Бродить по квартире в прострации я могла бы еще долго. Но у меня в голове прошито: не знаешь, что делать - буди мужа. "Звезда моя,- несколько удивленно сказала я, присев на краешек кровати (с ног на пол немедленно натекла лужа), - нас, кажется, уносит в океан". Муж быстро встал, быстро оказался на кухне, быстро пошел, светя в стену и потолок, и остановился над плитой. "Труба", - сказал он. Что нам труба, я понимала и без него. "Трубу прорвало у кого-то", - уточнил голубь моего ковчега и помчался за тряпками, сунув мне на ходу мокрого щенка.
Проза суровой жизни оказалась такова: трубу прорвало на одиннадцатом этаже. Залило, по словам диспетчера, все нижние десять. Мы находимся посередине, и когда я представляю, каково тем, кто на десятом, на меня нападает нервный смех.
Но, впрочем, и на нашем месте тоже неплохо. Вокруг стоит вода. Коты размеренно плавают брасом, перекриваясь вполголоса. На столе возле меня сидит бледный щенок - похоже, его укачало. У нас есть размокший батон, пачка отсыревшей бумаги и - внезапно - венчик для взбивания яиц; вооруженные этим набором, мы с щенком гребем венчиком в ту сторону, где из воды медленно поднимается солнце.

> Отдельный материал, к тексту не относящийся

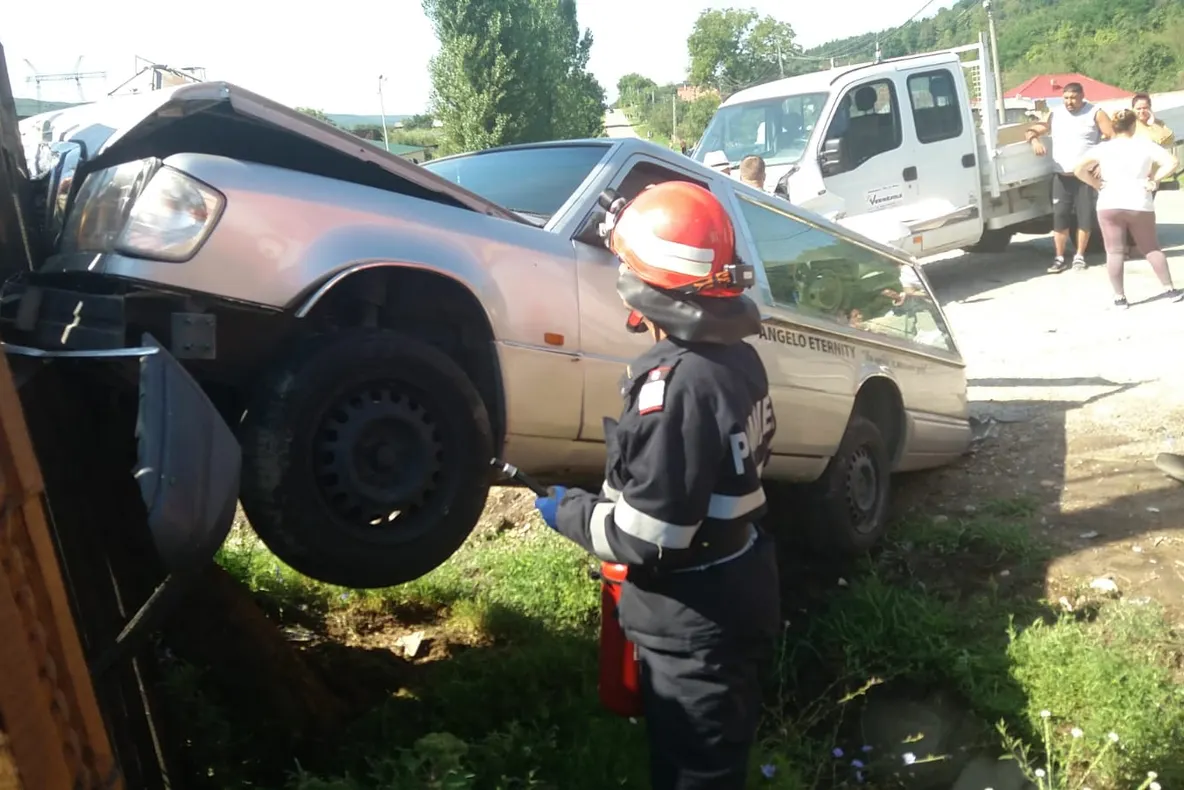 A intrat cu autoutilitara într-o mașină mortuară. Dricul a fost proiectat într-un gard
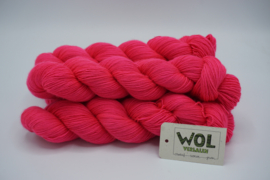 Merino Singles Hot Pink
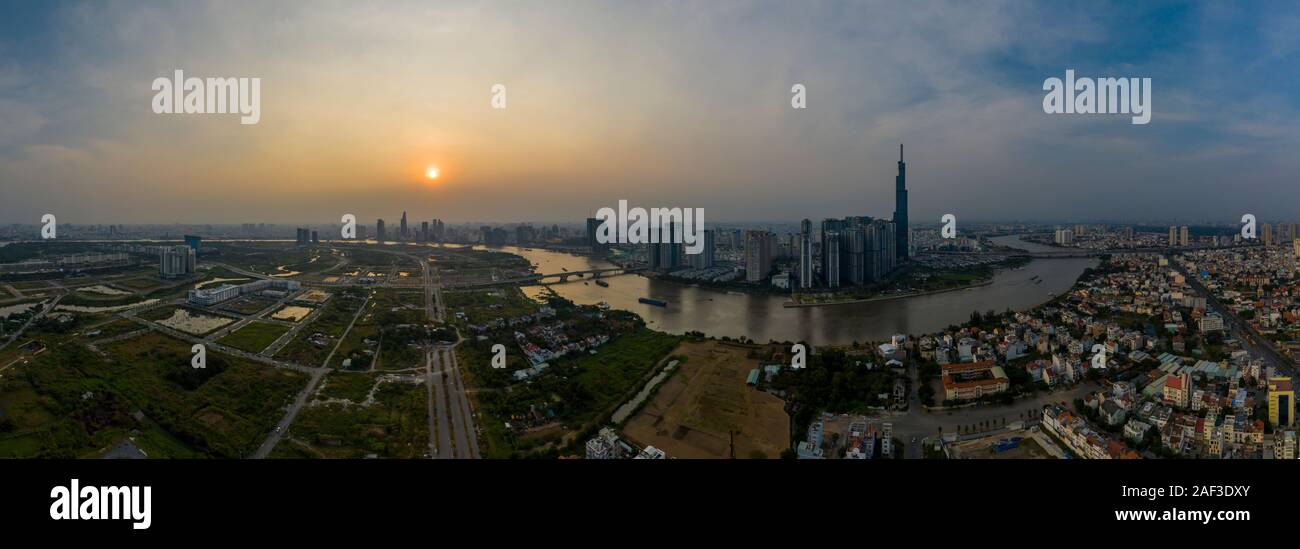 Smoggy tramonto panorama sul fiume Saigon in Ho Chi Minh City, Vietnam con lo skyline della città Foto Stock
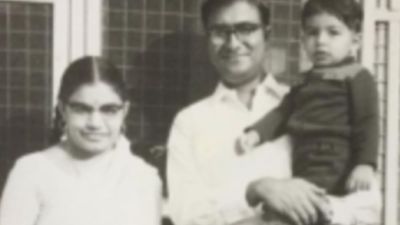 Photo of a young Rajiv Popat and his family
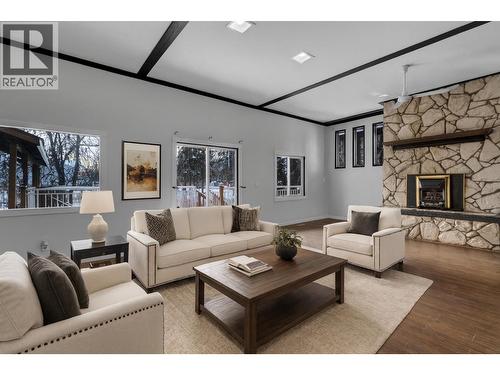 9147 North Kelly Road, Prince George, BC - Indoor Photo Showing Living Room With Fireplace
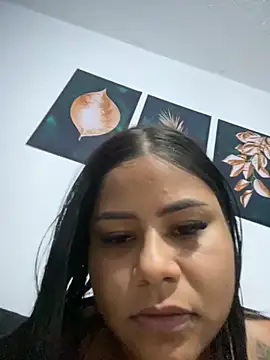 Snapshot of tigresa865 chatting on 10/01/25, 02:17 tigresa865 online show from 10/01/25, 02:17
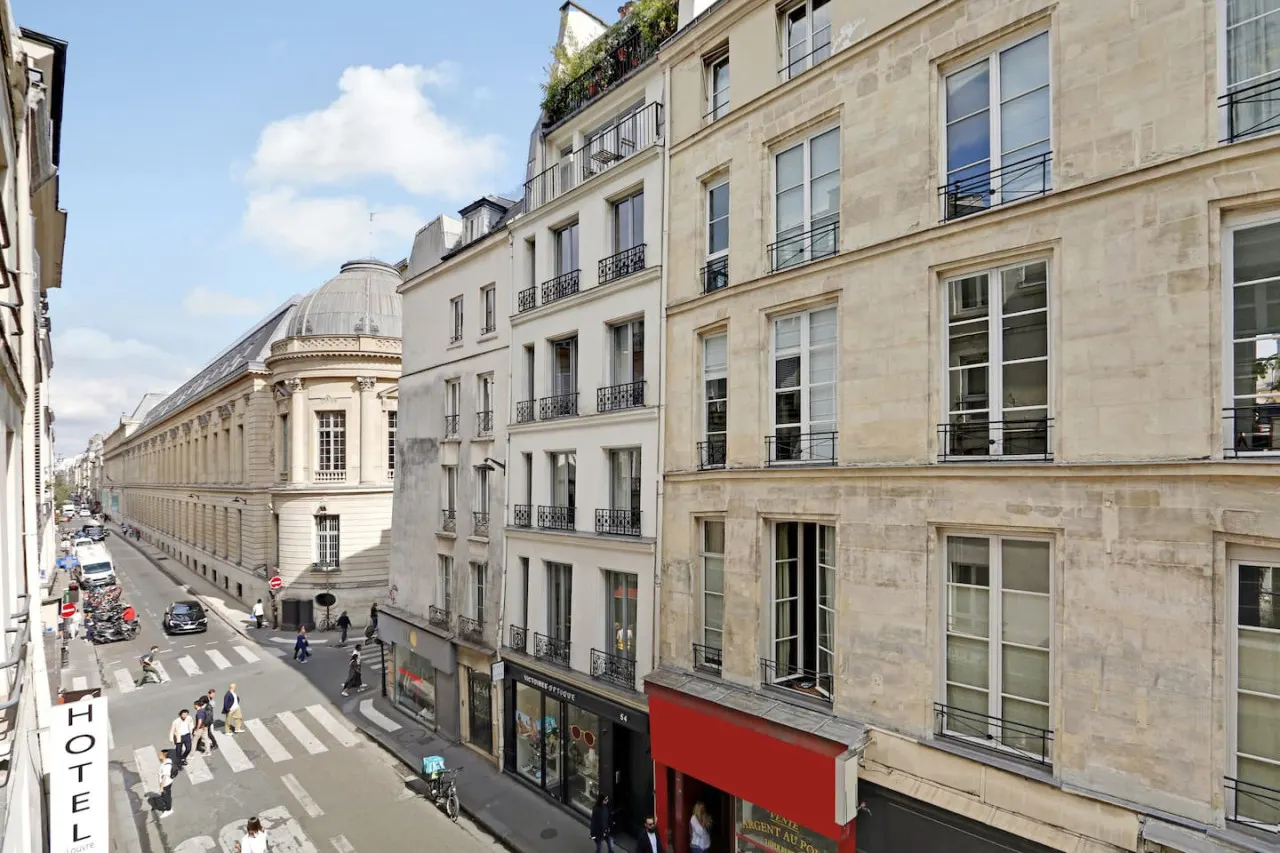 Luminous Studio Oasis Steps from The Louvre 11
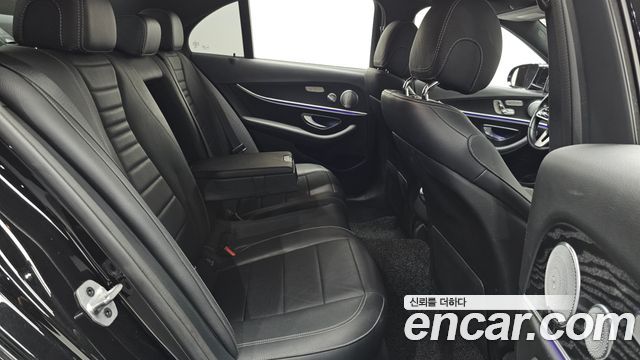 Mercedes-Benz E-Class E300 Avantgarde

Где-то неподалеку невидимый супруг мой, парус моей лодки, ковыряется в электропроводке, и судя по тональности его тихой брани, дела наши обстоят крайне занимательно. Я пишу эти строки на отсыревшей бумаге, сворачиваю листы в трубочки и пускаю по воде, надеясь, что их вынесет течением на берег. Так что если вы читаете их сейчас, знайте: батона нам хватит ненадолго, а потом я стану мучительно решать, кого съесть первым.
Впрочем, судя по веселым и дерзким взглядам котов, они уже все решили за меня.